START Task data
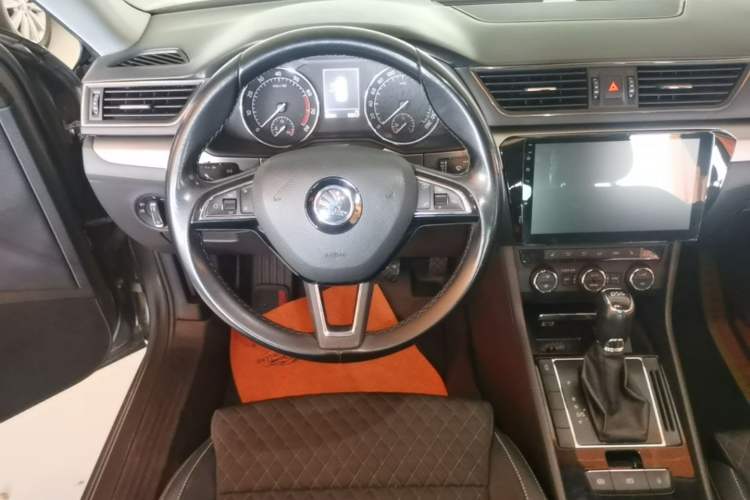 Used Skoda Superb 2016 TSI280 DSG Innovation Edition Steering Wheel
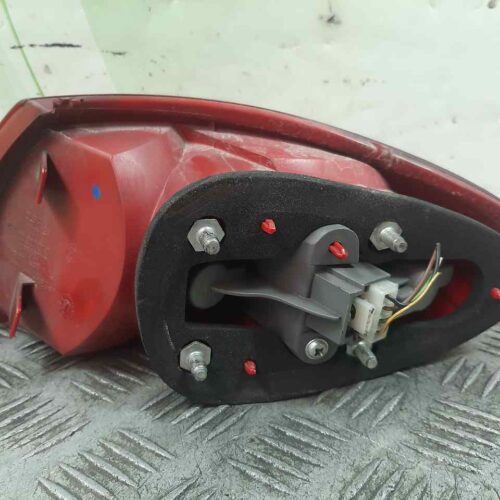 PILOTO TRASERO IZQUIERDO ALFA ROMEO 147 (190) 1.9 JTD 120 Collezione   |   11.06 – 12.09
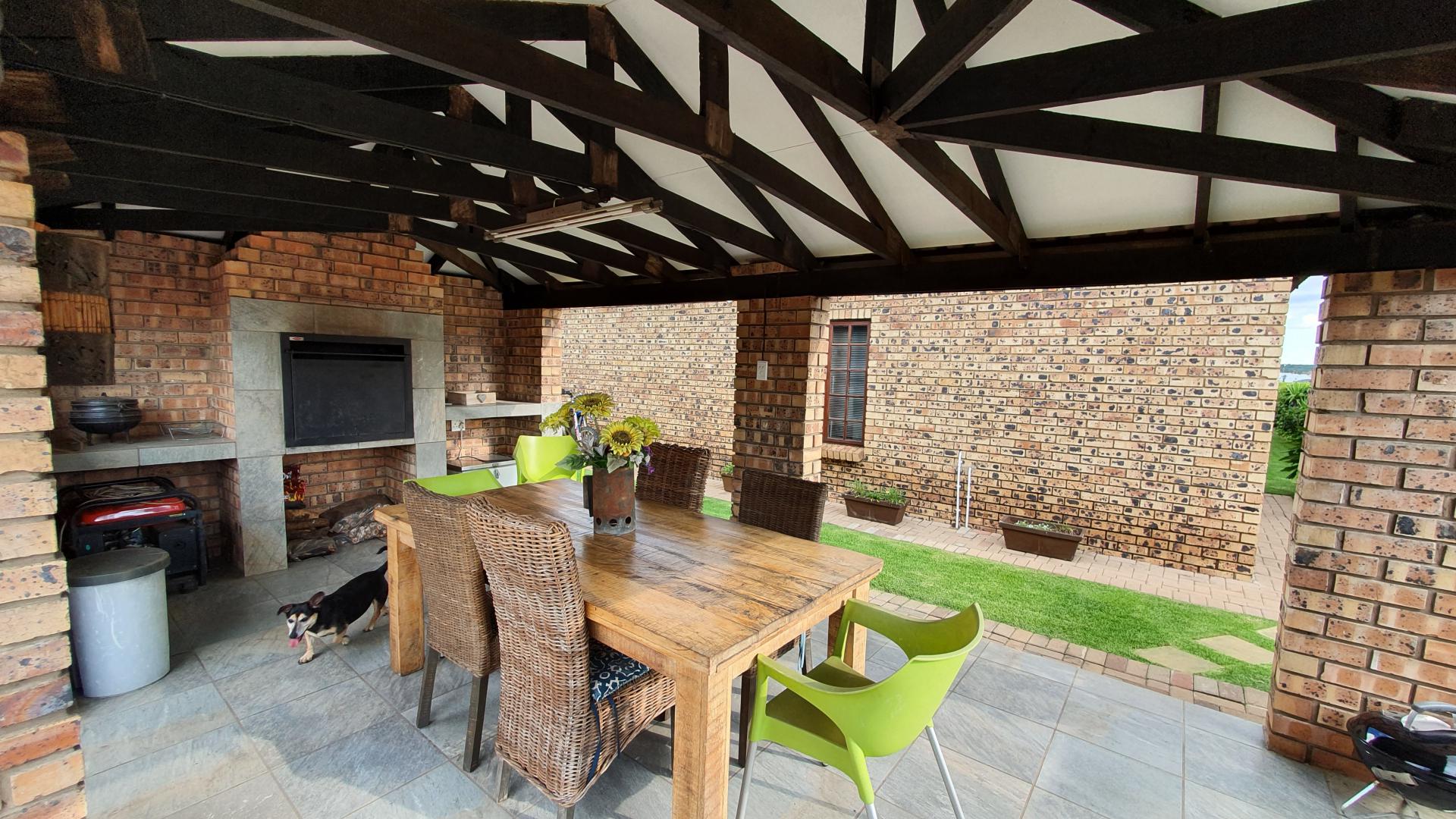 Backyard of property in Aerorand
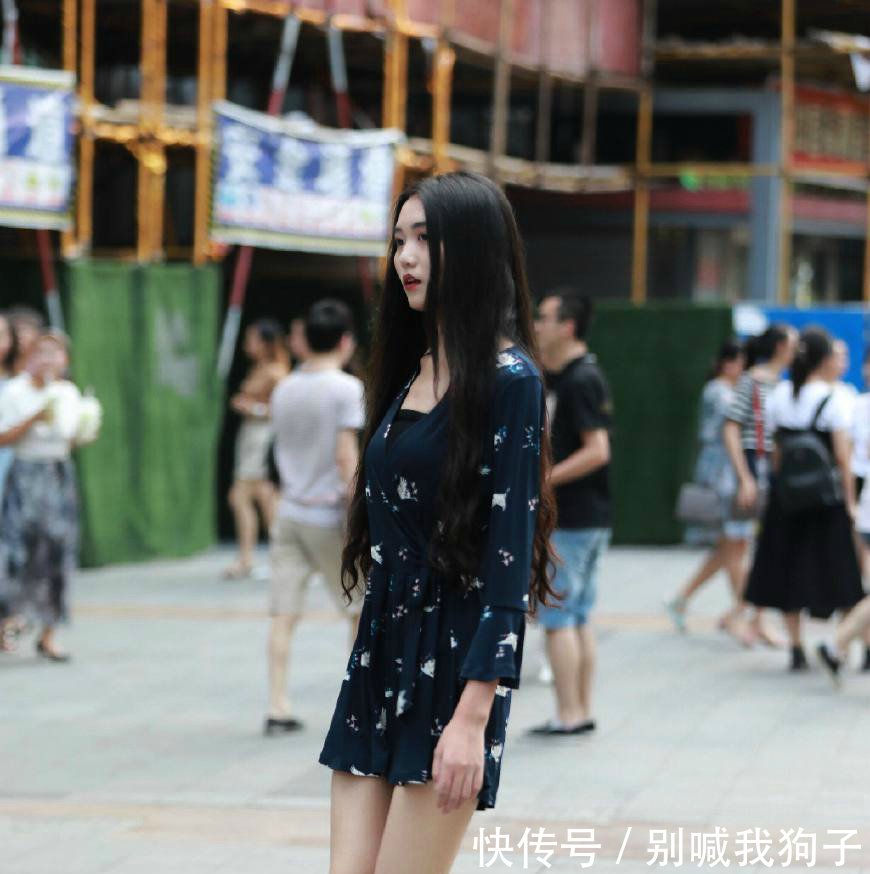 街拍，美女看起来好仙的感觉啊，这才是我的女神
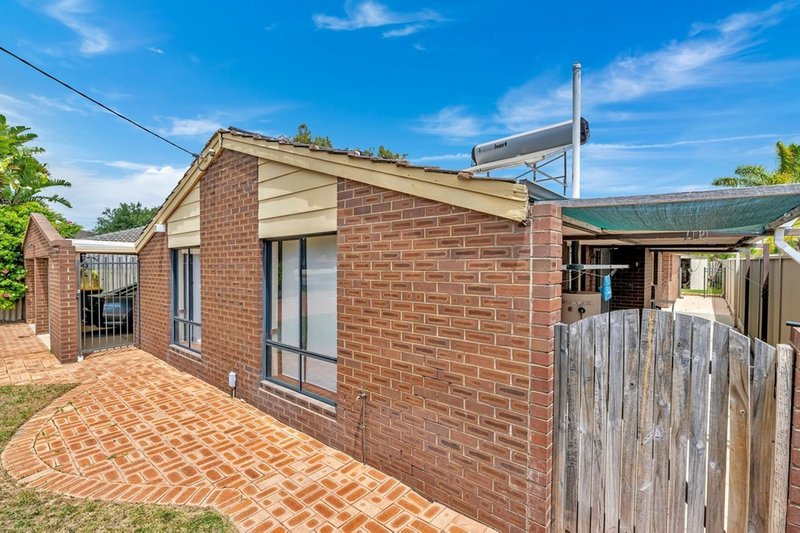 Photo - 14 Kingsbridge Road, Warnbro WA 6169 - Image 23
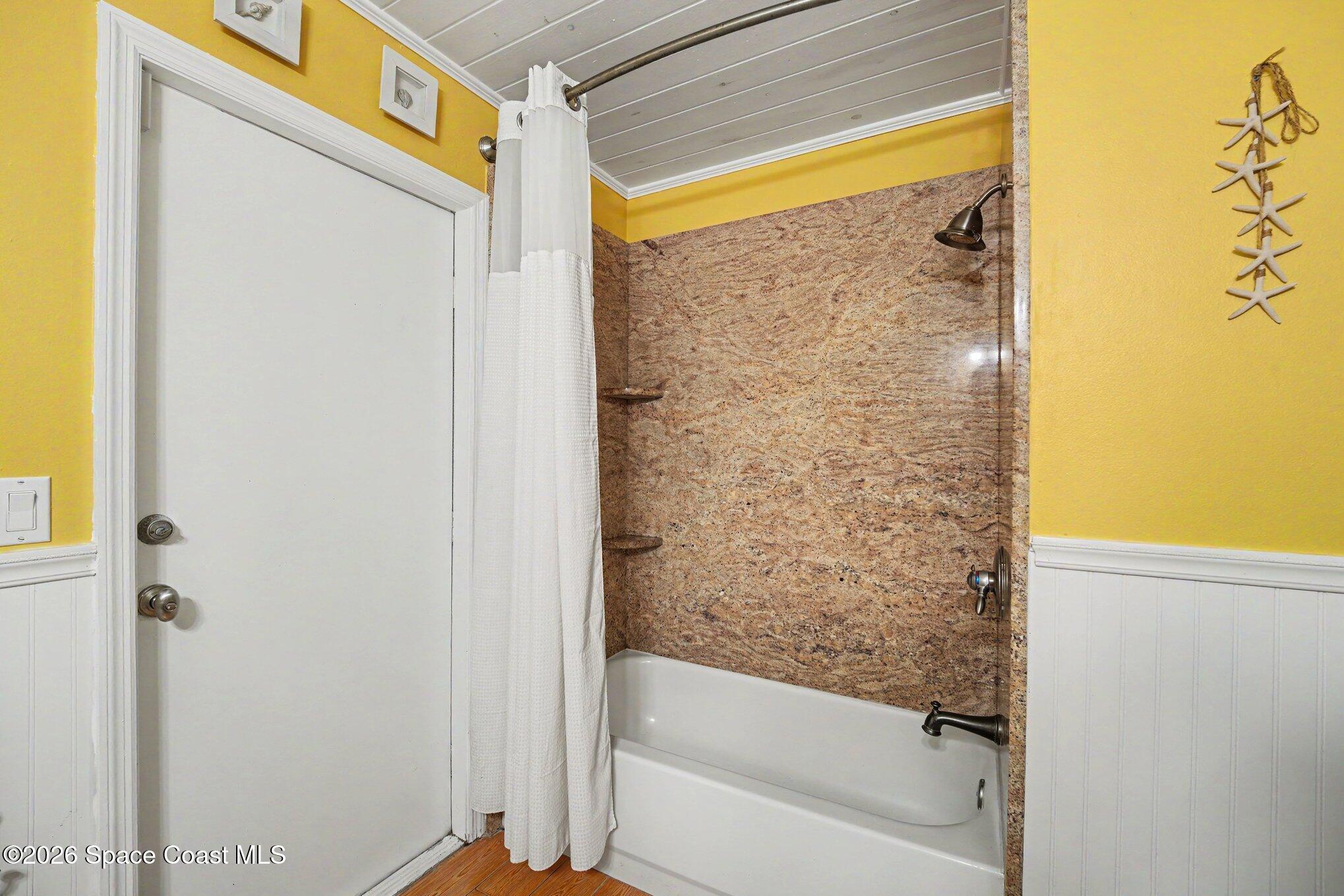 504 Lake Victoria Circle Property Photo 25
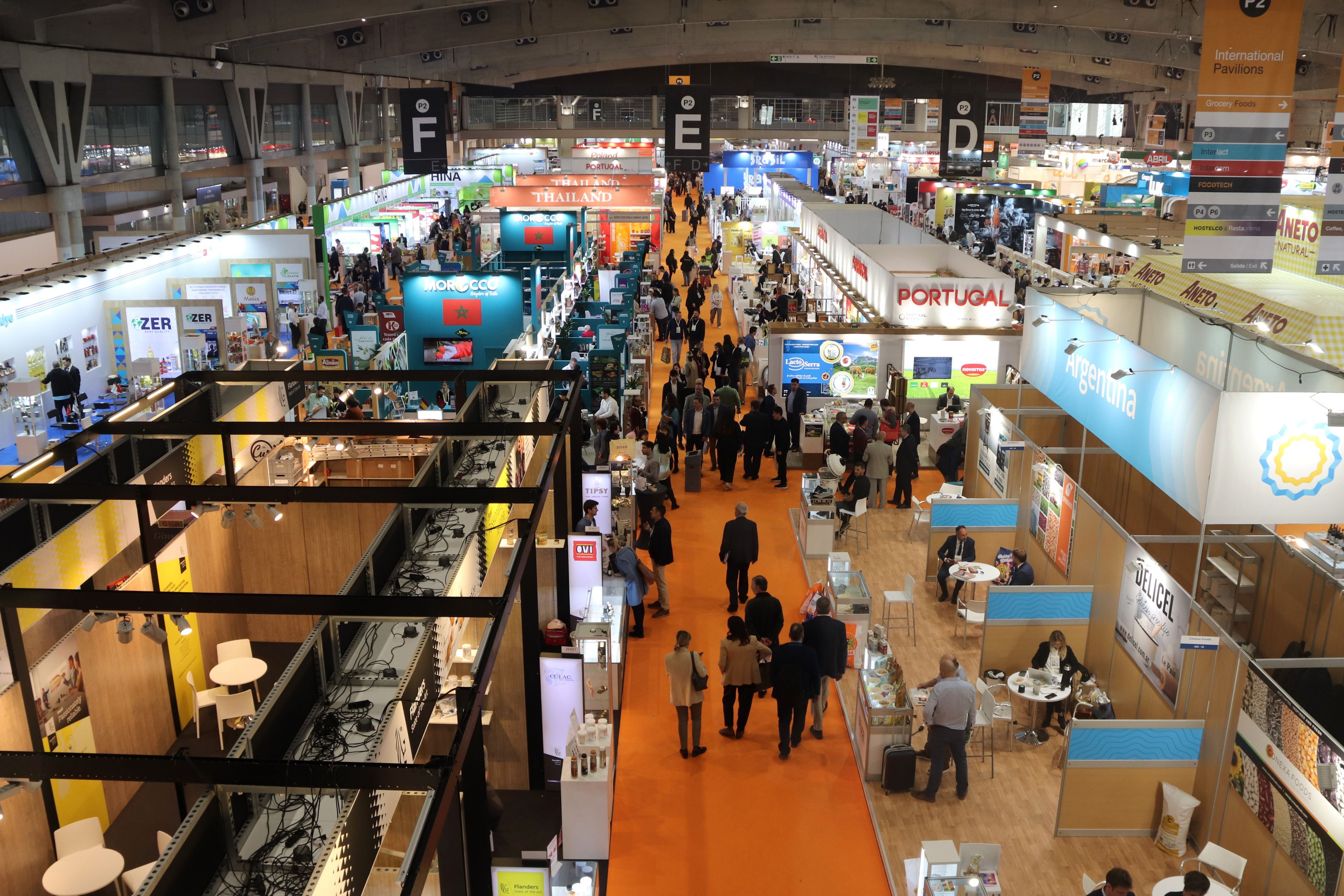 Vista aérea del pavellón 2 de la edición de Alimentaria+Hostelco de 2024 | Maria Asmarat (ACN)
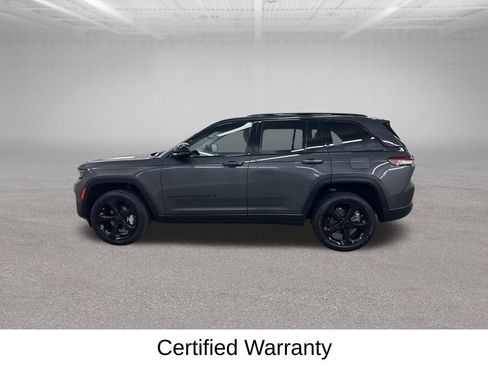 Used 2023 Jeep Grand Cherokee Limited w/ Black Appearance Package AWD/4WD image 9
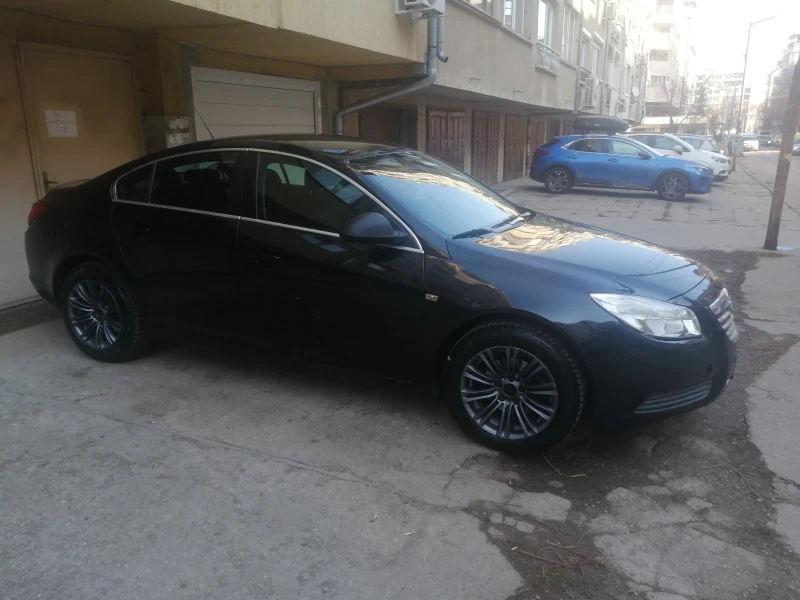 Opel Insignia 2000 куб. Евро 5, снимка 9 - Автомобили и джипове - 48958508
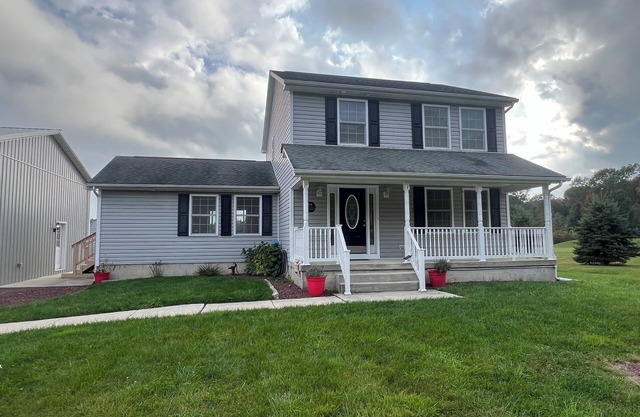 The Peak Escape - Jim Thorpe, 3 Bed, 3 bath home with private hot tub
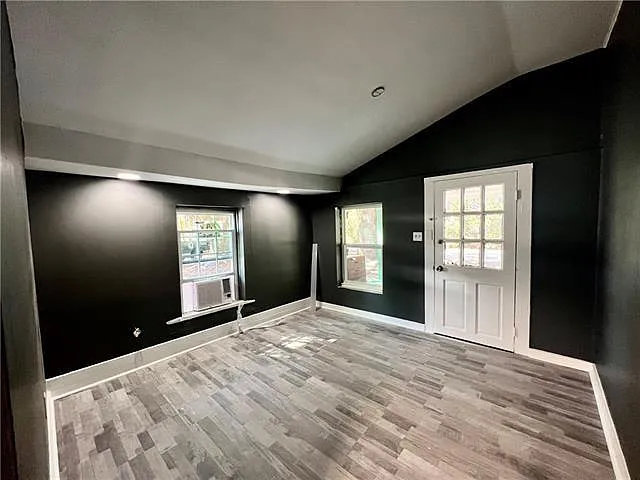 1013 Wilkinson St — Photo 5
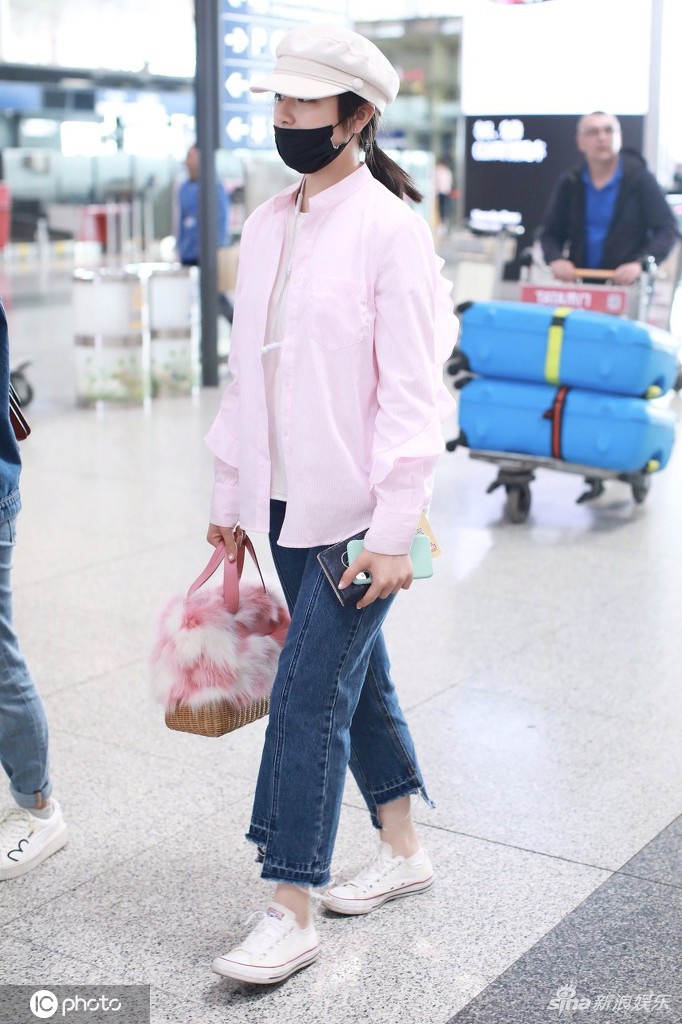 李兰迪衣着粉嫩青春洋溢 手提毛茸小包少女心十足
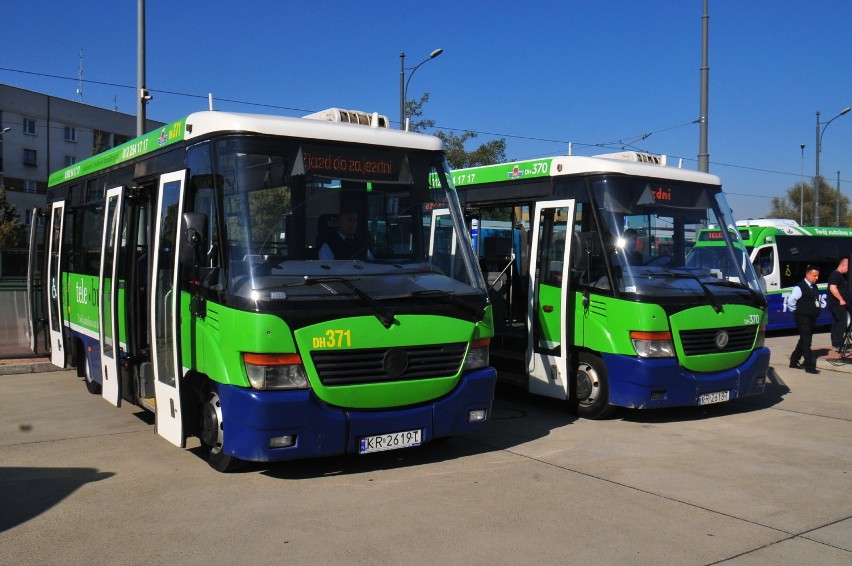 Kraków. Przekazano nowe autobusy do obsługi Tele-busa [ZDJĘCIA]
END Task data
Required action:
What is needed is an exact copy of the lines from the line with "Photo - 14 Kingsbridge" to the end of the data above, both included, without any pictures.

Answer to this task:
 Photo - 14 Kingsbridge Road, Warnbro WA 6169 - Image 23
 504 Lake Victoria Circle Property Photo 25
 Vista aérea del pavellón 2 de la edición de Alimentaria+Hostelco de 2024 | Maria Asmarat (ACN)
 Used 2023 Jeep Grand Cherokee Limited w/ Black Appearance Package AWD/4WD image 9
 Opel Insignia 2000 куб. Евро 5, снимка 9 - Автомобили и джипове - 48958508
 The Peak Escape - Jim Thorpe, 3 Bed, 3 bath home with private hot tub
 1013 Wilkinson St — Photo 5
 李兰迪衣着粉嫩青春洋溢 手提毛茸小包少女心十足
 Kraków. Przekazano nowe autobusy do obsługi Tele-busa [ZDJĘCIA]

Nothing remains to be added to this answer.